In the case we presented, patient took three different DES based primarily on multiple amino acids, creatine, minerals and/or multivitamins: NOXplode®, Growth Factor ATN®, Simicarnitina®. We could not identify which of the ingredients was the cause of hepatotoxicity. It has been postulated that the benefit of amino acids in energy production resides in increasing protein synthesis, release growth hormone and/or nitric oxide production, although no studies have demonstrated its effect on physical performance or increase in muscle strength.4,5 The trouble with amino acids supplements is its use in non-physiological mega-doses or in people with comorbidities.18 NO-Xplode® that contains arginine a-ketoglutarate, caffeine, minerals, creatine and other amino acids has also been associated with ischemic colitis, cardiovascular symptoms such as palpitations, tachycardia, syncope, vertigo and vomiting.19,20
It is noteworthy in this case the discrepancy between the findings of raised ALP with normal levels of GGT. Clinically, we try to discard causes of isolated elevation of ALP from any source other than the liver (especially bone disease). There are some uncommon liver diseases of infancy that could present with normal or low GGT levels and include idiopathic neonatal hepatitis, arthrogryposis-renal dysfunction-cholestasis syndrome and progressive familial intrahepatic cholestasis (PFIC type 1 and 2) but these abnormalities commonly appear in the first months of life with rapid onset of liver failure within the first few years.

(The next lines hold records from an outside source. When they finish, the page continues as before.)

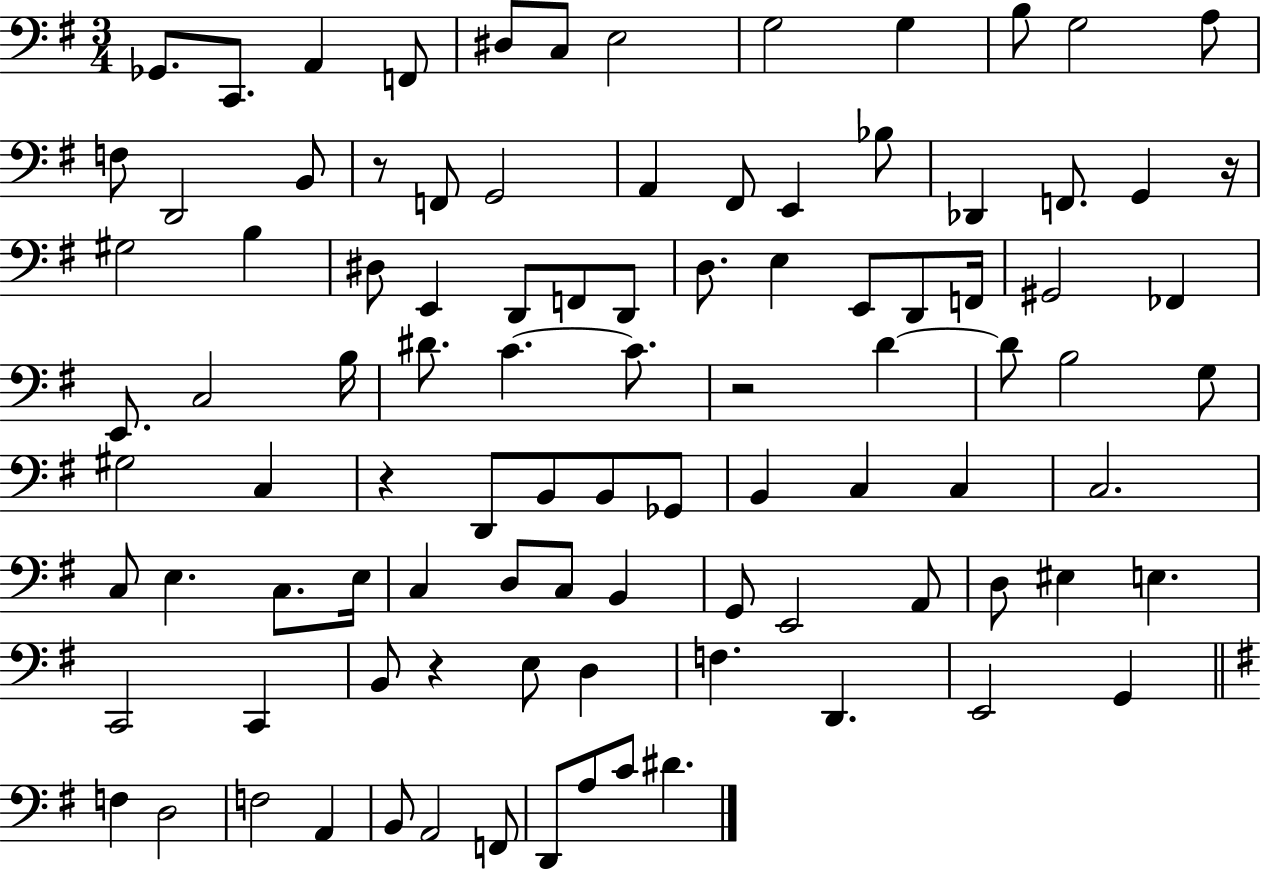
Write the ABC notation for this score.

X:1
T:Untitled
M:3/4
L:1/4
K:G
_G,,/2 C,,/2 A,, F,,/2 ^D,/2 C,/2 E,2 G,2 G, B,/2 G,2 A,/2 F,/2 D,,2 B,,/2 z/2 F,,/2 G,,2 A,, ^F,,/2 E,, _B,/2 _D,, F,,/2 G,, z/4 ^G,2 B, ^D,/2 E,, D,,/2 F,,/2 D,,/2 D,/2 E, E,,/2 D,,/2 F,,/4 ^G,,2 _F,, E,,/2 C,2 B,/4 ^D/2 C C/2 z2 D D/2 B,2 G,/2 ^G,2 C, z D,,/2 B,,/2 B,,/2 _G,,/2 B,, C, C, C,2 C,/2 E, C,/2 E,/4 C, D,/2 C,/2 B,, G,,/2 E,,2 A,,/2 D,/2 ^E, E, C,,2 C,, B,,/2 z E,/2 D, F, D,, E,,2 G,, F, D,2 F,2 A,, B,,/2 A,,2 F,,/2 D,,/2 A,/2 C/2 ^D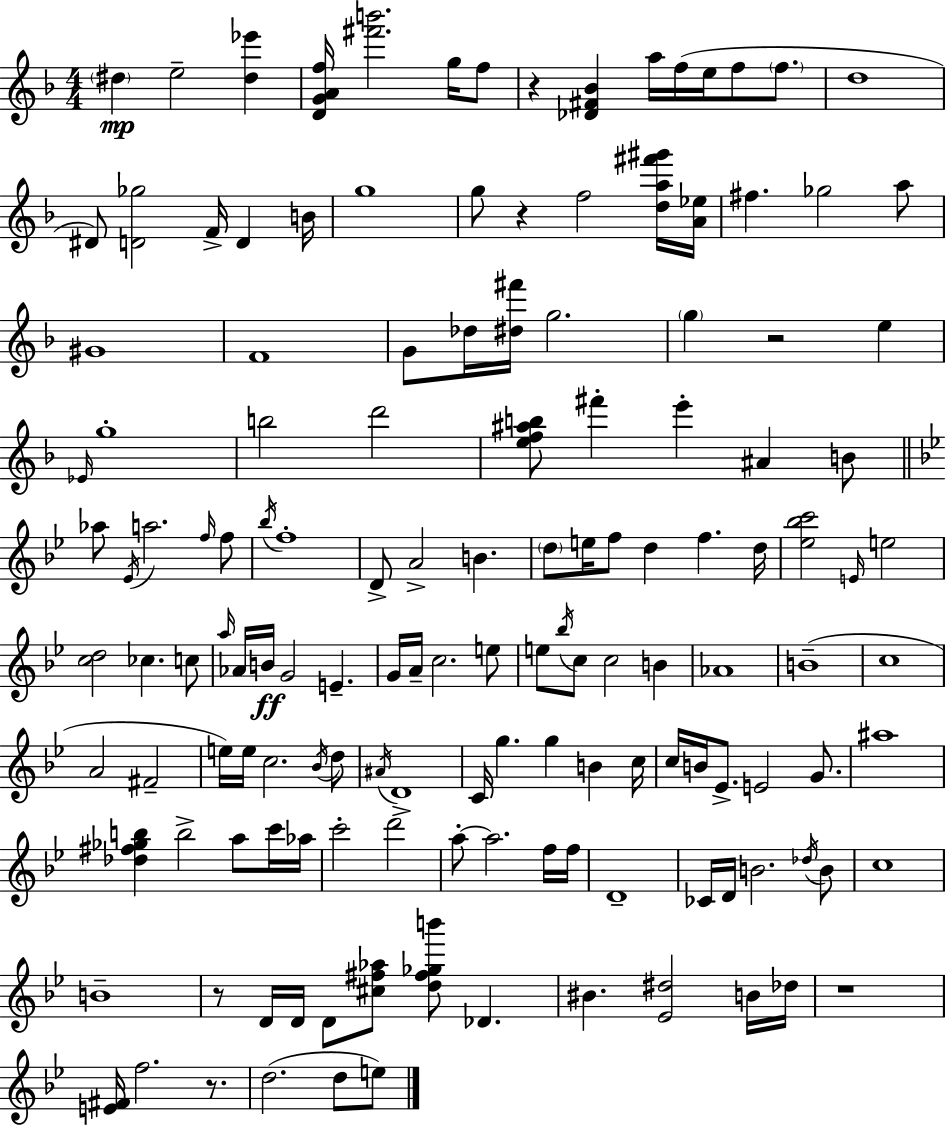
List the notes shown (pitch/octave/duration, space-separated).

D#5/q E5/h [D#5,Eb6]/q [D4,G4,A4,F5]/s [F#6,B6]/h. G5/s F5/e R/q [Db4,F#4,Bb4]/q A5/s F5/s E5/s F5/e F5/e. D5/w D#4/e [D4,Gb5]/h F4/s D4/q B4/s G5/w G5/e R/q F5/h [D5,A5,F#6,G#6]/s [A4,Eb5]/s F#5/q. Gb5/h A5/e G#4/w F4/w G4/e Db5/s [D#5,F#6]/s G5/h. G5/q R/h E5/q Eb4/s G5/w B5/h D6/h [E5,F5,A#5,B5]/e F#6/q E6/q A#4/q B4/e Ab5/e Eb4/s A5/h. F5/s F5/e Bb5/s F5/w D4/e A4/h B4/q. D5/e E5/s F5/e D5/q F5/q. D5/s [Eb5,Bb5,C6]/h E4/s E5/h [C5,D5]/h CES5/q. C5/e A5/s Ab4/s B4/s G4/h E4/q. G4/s A4/s C5/h. E5/e E5/e Bb5/s C5/e C5/h B4/q Ab4/w B4/w C5/w A4/h F#4/h E5/s E5/s C5/h. Bb4/s D5/e A#4/s D4/w C4/s G5/q. G5/q B4/q C5/s C5/s B4/s Eb4/e. E4/h G4/e. A#5/w [Db5,F#5,Gb5,B5]/q B5/h A5/e C6/s Ab5/s C6/h D6/h A5/e A5/h. F5/s F5/s D4/w CES4/s D4/s B4/h. Db5/s B4/e C5/w B4/w R/e D4/s D4/s D4/e [C#5,F#5,Ab5]/e [D5,F#5,Gb5,B6]/e Db4/q. BIS4/q. [Eb4,D#5]/h B4/s Db5/s R/w [E4,F#4]/s F5/h. R/e. D5/h. D5/e E5/e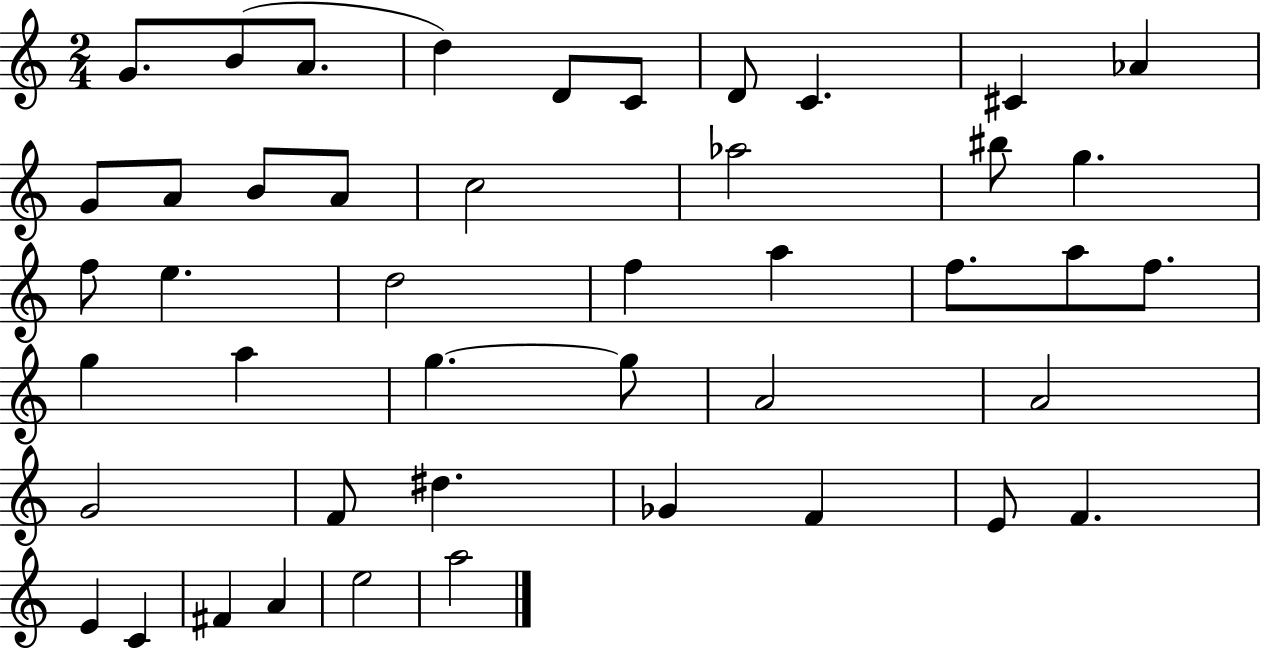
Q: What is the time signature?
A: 2/4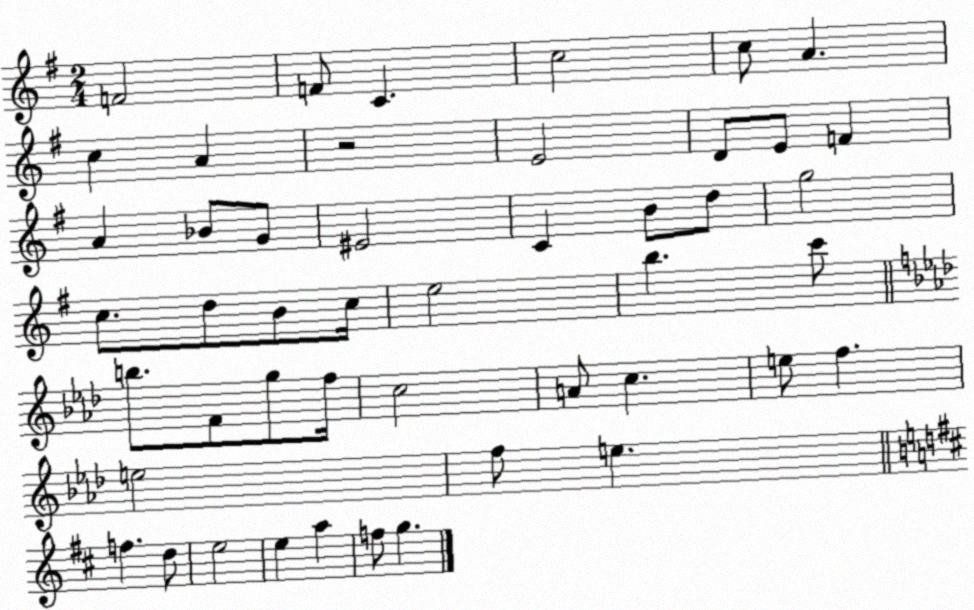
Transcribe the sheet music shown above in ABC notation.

X:1
T:Untitled
M:2/4
L:1/4
K:G
F2 F/2 C c2 c/2 A c A z2 E2 D/2 E/2 F A _B/2 G/2 ^E2 C B/2 d/2 g2 c/2 d/2 B/2 c/4 e2 b c'/2 b/2 F/2 g/2 f/4 c2 A/2 c e/2 f e2 f/2 e f d/2 e2 e a f/2 g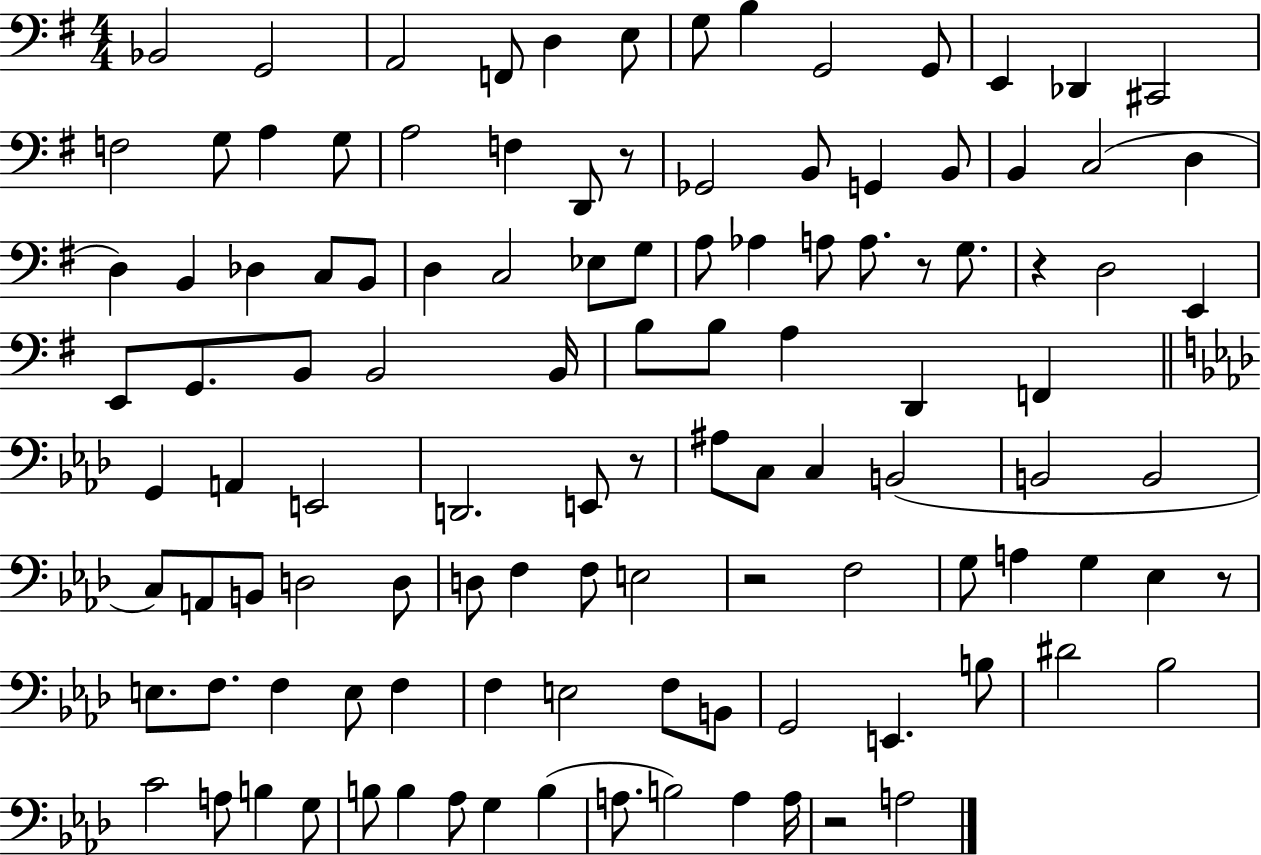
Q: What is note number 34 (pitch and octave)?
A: C3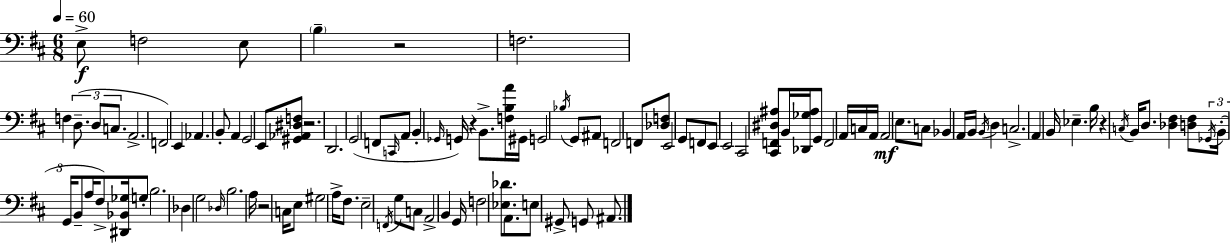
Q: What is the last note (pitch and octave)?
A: A#2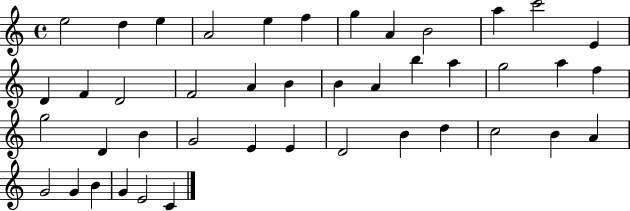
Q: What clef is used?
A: treble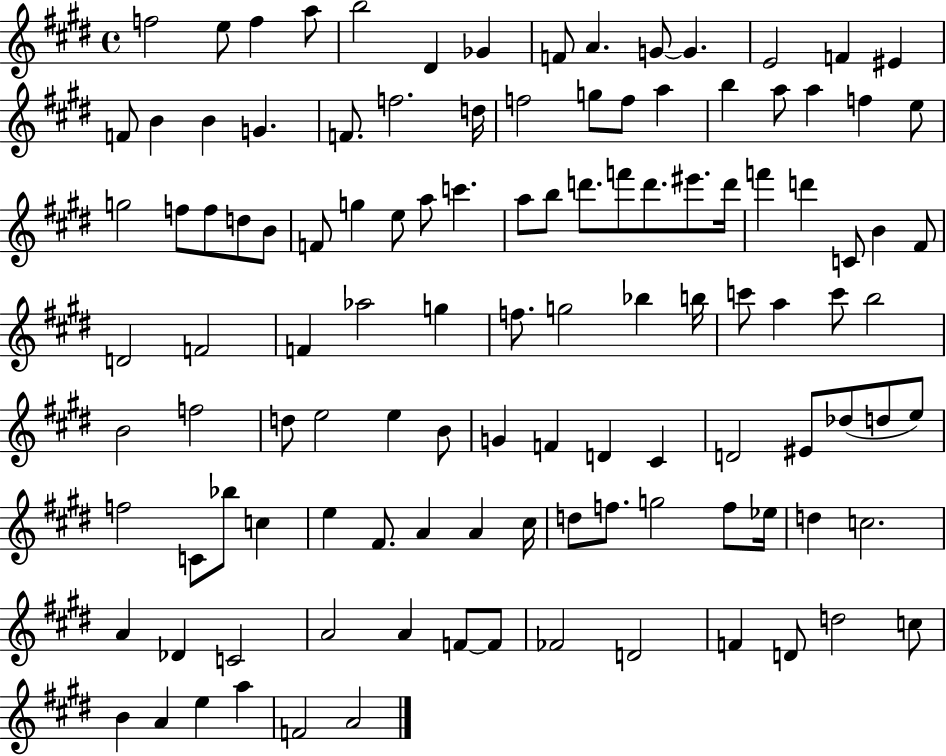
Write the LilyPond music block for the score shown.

The cause of this discrepancy is unknown but defects in hepatocellular canalicular ATP-dependent transport system or heterozygosity for the bile salt export pump gene or suppressed GGT expression has been postulated.21,22
The regulation of dietary supplements in Mexico published in 2010 establishes the minimum requirements in the process of preparing dietary supplements to prevent contamination.23 The General Health Law provides fines for marketing herbal remedies or dietary supplements promoted with therapeutic properties or false advertisings without scientific basis or sanitary registry.24,25 The Federal Commission for Protection Against Health Risks (COFEPRIS) issued a warning in 2009 about the sales of more than 22,000 DES, finding 15 “miracle products” used primarily for weight loosing that contained toxic herbs, representing a potential health risk.26
The main problem, as in the presented case, is that young people or athletes commonly take multiple doses and combinations of DES above tolerable or accepted levels. This case emphasizes the need to suspect and investigate the potential contribution of DES or herbal remedies in any patient with elevated liver enzymes, jaundice and/or cholestasis. In addition, stricter rules are needed for the authorization, sale and advertising of these products.
Abbreviations- •
DES: dietary energy supplements.
- •
ALT: alanine aminotransferase.
- •
ALP: alkaline phosphatase.
- •
DILI: drug-induced liver injury.
- •
GGT: gamma-glutamyl transferase.
Giovanni Avelar-Escobar, Jorge Méndez-Navarro, Nayeli X. Ortiz-Olvera, Guillermo Castellanos, Roberto Ramos, Víctor E. Gallardo-Cabrera, José de Jesús Vargas-Alemán, Óscar Díaz de León, Elda V. Rodríguez and Margarita Dehesa-Violante have nothing to disclose.